Now one more adjustment: the memory-erasing drug is imperfect; it merely makes your memory of each trial very fuzzy and uncertain. You can't remember what you saw and deduced each time, but you remember that it happened. In particular, you know that you're in the 65th room right now, although you have no idea what you saw in the previous 64.
Finally, instead of moving you from the first room to the 100th orderly, let's say that a random room is chosen for you every time, and this is repeated a million times.
In this case, the answer 0.99 seems inevitable. The choice of the room for you was randomly independent in this particular trial, and brings you fresh legitimate evidence to bayes upon. Note that you can say that you would, with very high probability, see blue in one of the trials regardless of what the coin showed. This doesn't faze you; if the coin were heads, it's very unlikely that this particular 65th trial would be one to turn blue on you; and your answer reflects this unlikelyhood.

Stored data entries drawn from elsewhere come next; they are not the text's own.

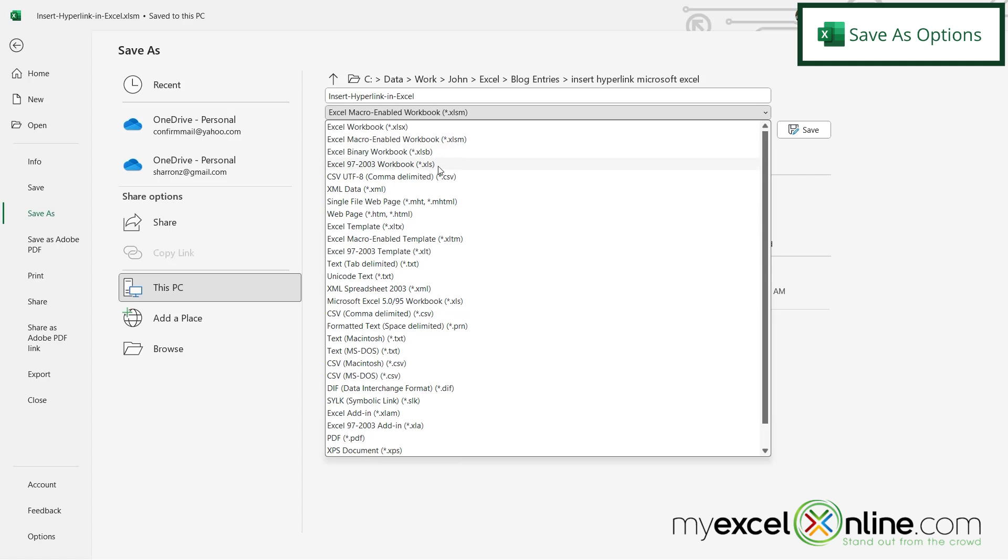Another option here is for Excel 97 to 2003. So if you are working with an older system and you want to be backwards compatible so that workbook can be opened in an earlier version of Microsoft Excel, then just use the .xls without the x at the end.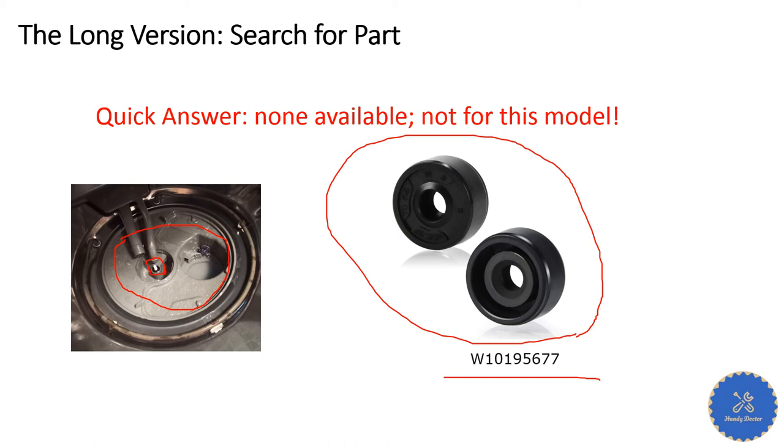By the way, this is the part number, one that officially would not fit with the model of dishwasher I have. But I decided to buy, and in fact I bought three of them. They're very cheap anyway.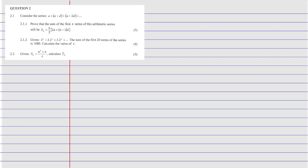Question 2.1 considers a series. I'm not going to do 2.1.1 because it's a proof that you need to know — it's in the course. So I'm going to go to 2.1.2. It is given that 2 to the power x, plus 2 multiplied by 2 to the power x, plus 3 multiplied by 2 to the power x. They tell us that the sum of the first 20 terms is equal to 1680, and we need to calculate x.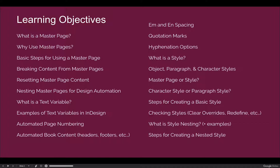There are a large number of text variables, so I'm not going to show you how to apply every single one, but I want to show you how to get to them so that you can explore them in more detail. One form of text variable we will talk about in great detail is automating page numbering and how to automate book content like headers and footers. We'll also talk about em and en spacing, quotation marks, the different types of quotation marks you may use as a graphic designer, and hyphenation options.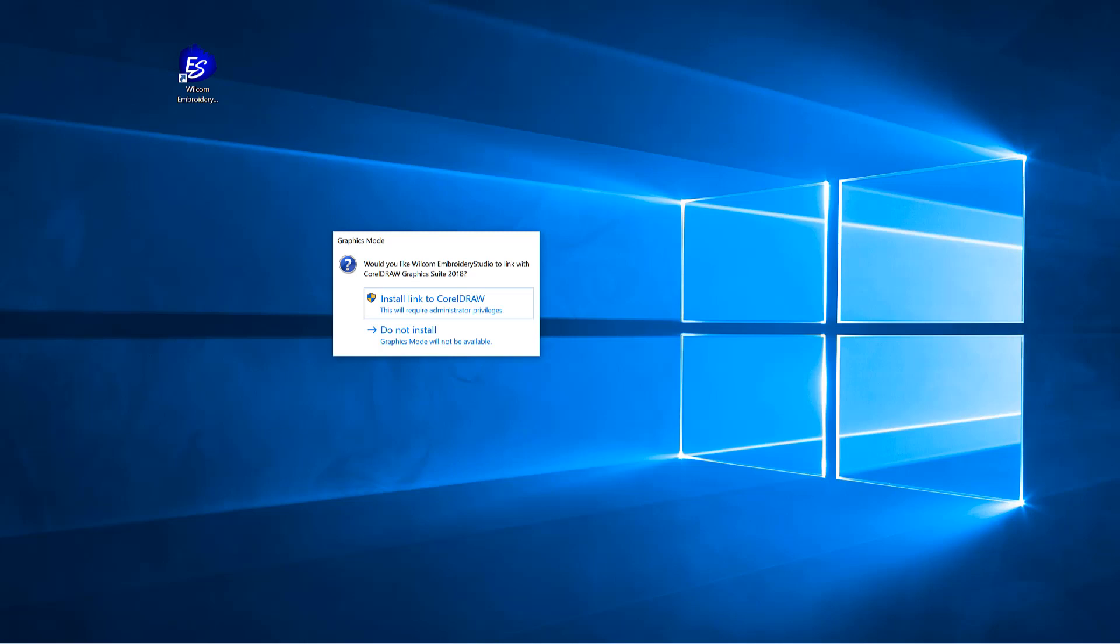CorelDRAW is already installed on this computer and a dialog box has appeared. Select Install Link to CorelDRAW. If CorelDRAW is not installed, this message will appear after the installation of CorelDRAW and the first time you open the Embroidery Studio after installation.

Now go back to orderly traversing the 100 rooms. This time you can say with certainty that you'd see blue in one of the trials no matter what. But this certainty is only very very slightly more than the very high probability of the previous paragraph; going from 0.99 to 0.5 on the strength of that change is hardly warranted. As before, if the coin were heads, it's very unlikely that this particular 65th trial would be the one with the blue room; and your answer should reflect this unlikelyhood.
Now go back yet again: they improved the drug and you no longer remember how many trials you had before this one. Should this matter a lot to your response? When you knew this was the 65th trial, you knew nothing about your experience in the previous 64. And it was guaranteed that you'd eventually reach the 65th. It seems that the number of the trial isn't giving you any real information, and your answer ought to remain unchanged without access to it.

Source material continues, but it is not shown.